While the deadline is on Monday April 1 2019, fortunately for business owners, it isn’t too late just yet. “While undergoing a full digital transformation project may seem like the only route to compliance, a single solution update may be the immediate solution give the impending deadline,” said Lane. “HMRC is allowing the use of bridging software to support the digitised submission and account information retrieval from spreadsheets, which may be the best option for your business.” Additionally, HMRC delayed mandating until October 2019 for a small minority with more complex requirements to ensure there is sufficient time for testing the service with them in the pilot.
However, the question is what should small businesses do next? “Own the process by doing your research,” opined Damon Anderson, director of partner and product at Xero, the accounting software company. “For anyone unsure about the process of getting their clients online, there are a number of resources available to support such as our MTD hub.” Indeed, business leaders needn’t drown in the deep end when it comes to making themselves aware of the process. Apart from a detailed guide by the government and associated helplines, companies are on hand to help. For example, Xero has a virtual tax advisor called Dexter who is equipped to help with any information entrepreneurs might need.
More importantly, company leaders must consult with their accountant before taking any steps. “Businesses who are worried about MTD would be to find a good progressive accountant who understands digital technology to help them through the process,” said Hewitt. The next step would be to review whether the software is up to date and compatible with HMRC’s requirements, as it can be integrated with HMRC’s API to facilitate a seamless exchange of data. “Identify the key must-haves you need to cover, ensure you have compatible software and identify procedures you need to modify to allow you to submit to the HMRC gateway,” he added.

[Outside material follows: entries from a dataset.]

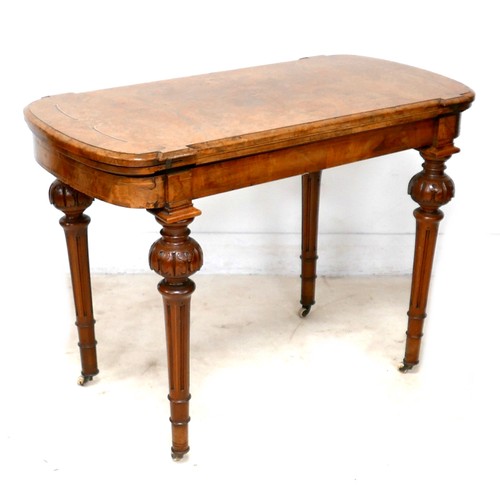 539 - A Victorian walnut fold over card table, with swivel top, inlaid decoration, raised on column suppor... 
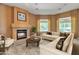 Comfortable living room with a cozy fireplace, natural light, and modern furnishings at 844 E County Down Dr, Chandler, AZ 85249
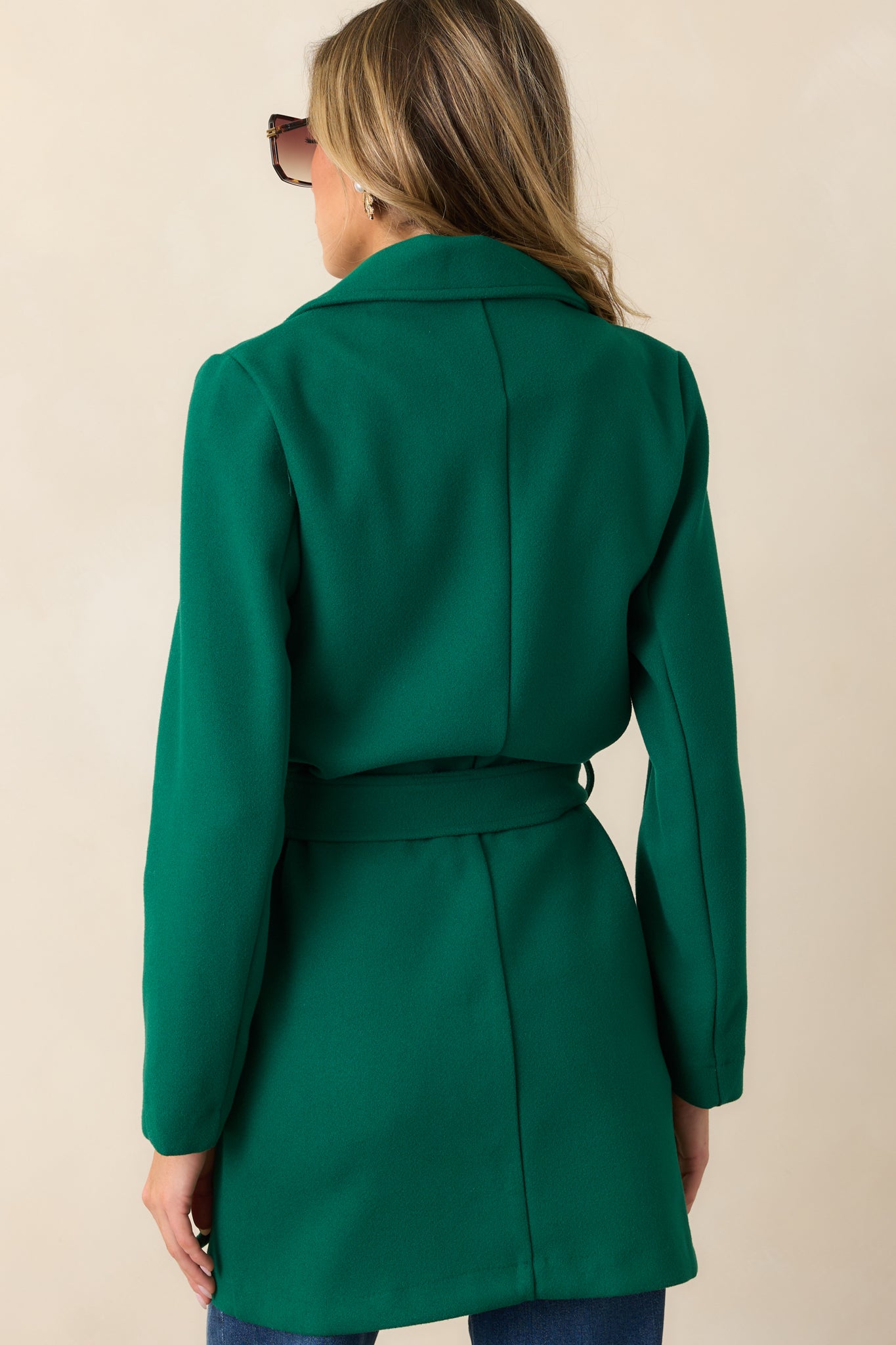 The back view of the kelly green coat, showcasing the clean lines, long sleeves, and the tie detail visible from the back.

And in case you were wondering, a company is expected to continue to file taxes digitally irrespective of changes in their figures. “If your taxable turnover dips below the VAT registration threshold after April 1 2019, a business is still required to keep digital records and send HMRC their VAT returns using MTD-compatible software,” added Anderson. “It’s a huge plus for small businesses to have more control over their tax returns anyway.”

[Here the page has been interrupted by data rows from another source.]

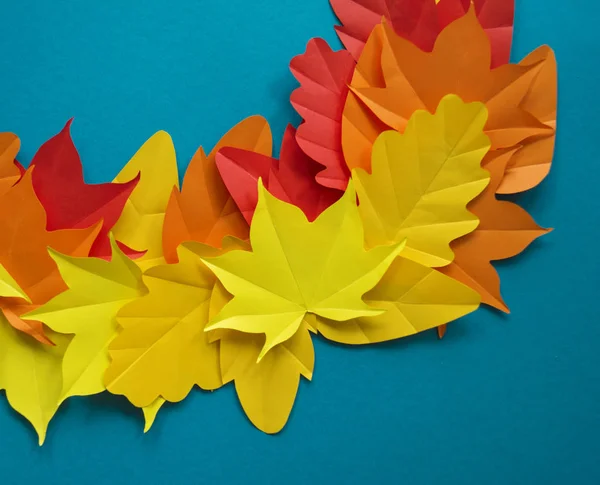 Leaves of paper fall red, orange, yellow leaf fall. Blue background. Handmade origami.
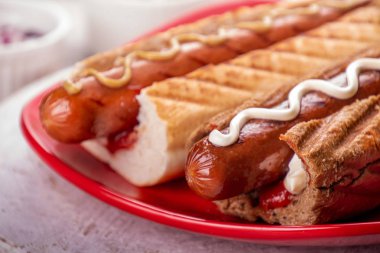 Kırmızı tabakta beyaz arka planda sosisli sandviç. Fast food, American T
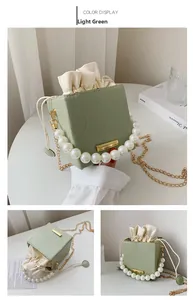 Detail of light green bucket bag with pearl handle, drawstring liner, and chain strap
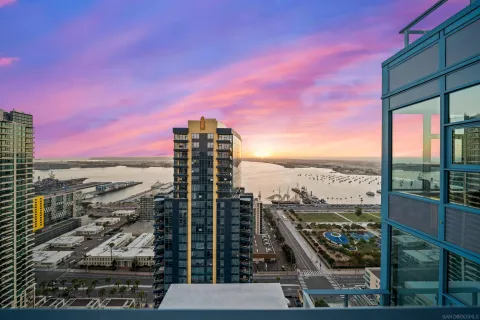 a view of a city with tall buildings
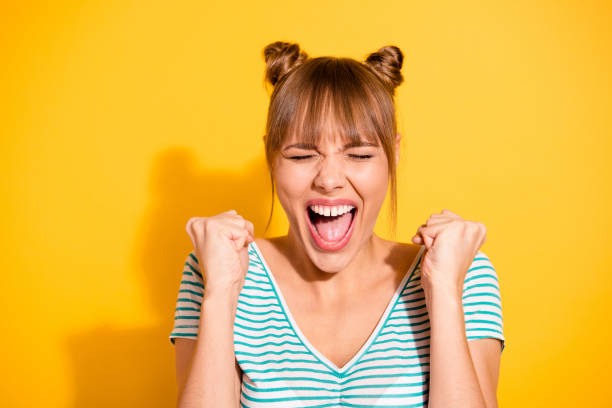 close up photo beautiful she her lady hold hands arms fists raised cheer yelling wild roar goal funny funky stylish hairstyle wear casual white striped t-shirt isolated yellow bright background - toothless grin imagens e fotografias de stock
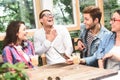 Group of friends enjoying talking together Royalty Free Stock Photo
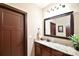 Bathroom features a granite countertop, undermount sink, and vanity cabinet for a stylish touch at 670 Cricket Ln, Mt Ulla, NC 28125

The only risk with MTD is if you miss the deadline given that many are still in the dark. “I wouldn’t be surprised if MTD catches out a lot of businesses unaware, since HMRC has not been as proactive as it could have been in communicating the changes, nor how to actually register for MTD,” said Hewitt. “It’s not an entirely straightforward process and some companies will always be inclined to bury their heads in the sand when it comes to end of year tax.”

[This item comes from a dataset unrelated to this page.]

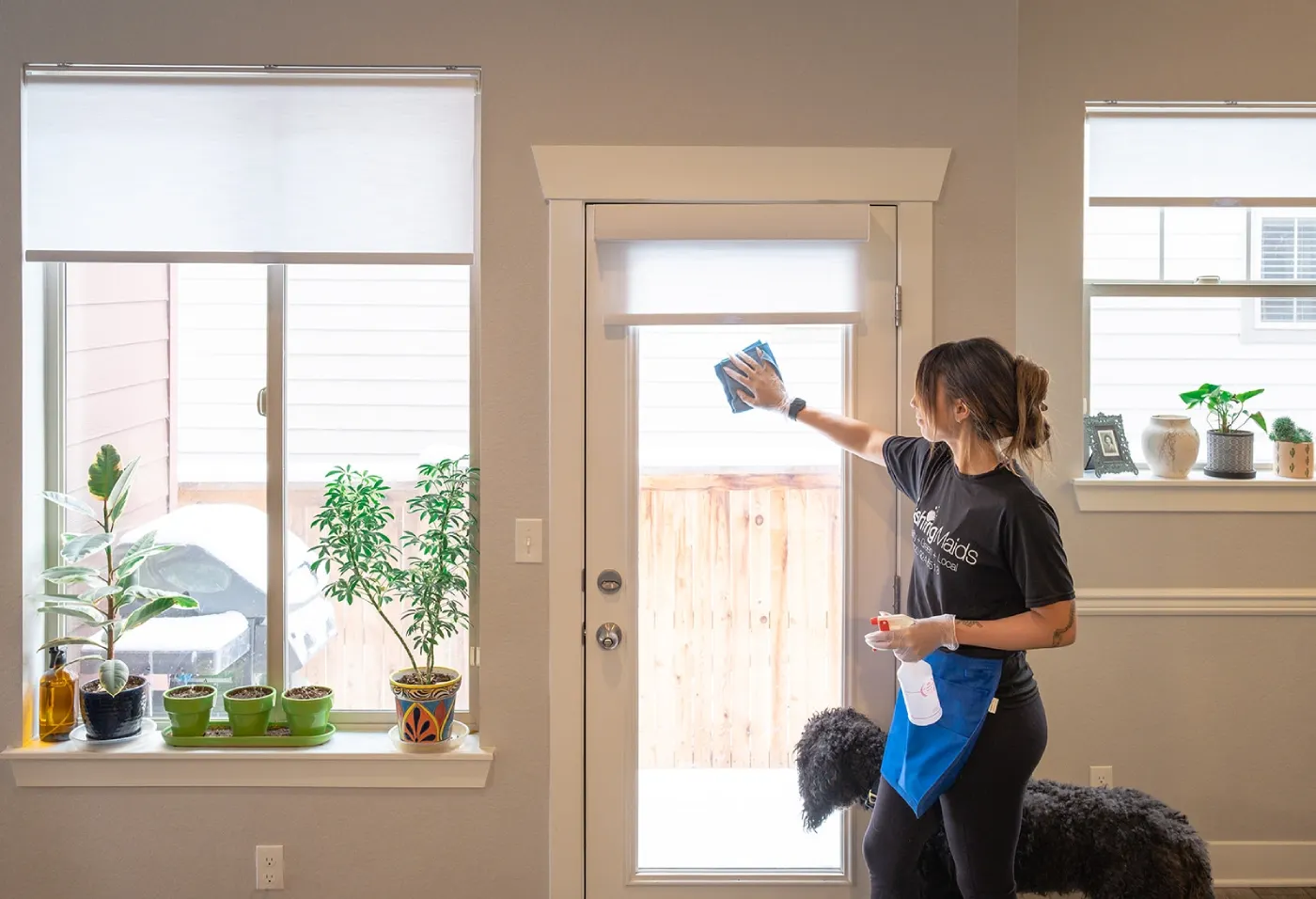 A Dashing Maids cleaner wiping a glass door in a bright Denver home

So, while MTD is not a mandate for all companies, wasting hours on the process and risking inaccuracies isn't ideal going forward for any company. Instead of looking at it as a seismic shift, business leaders must capitalise on it and view the switch as a part of the bigger ongoing technological upgrade trend. “In any event, get used to filing digitally, ditch the pen and Excel spreadsheet,” said Anderson. "The sooner you get used to cloud accounting technology the better.”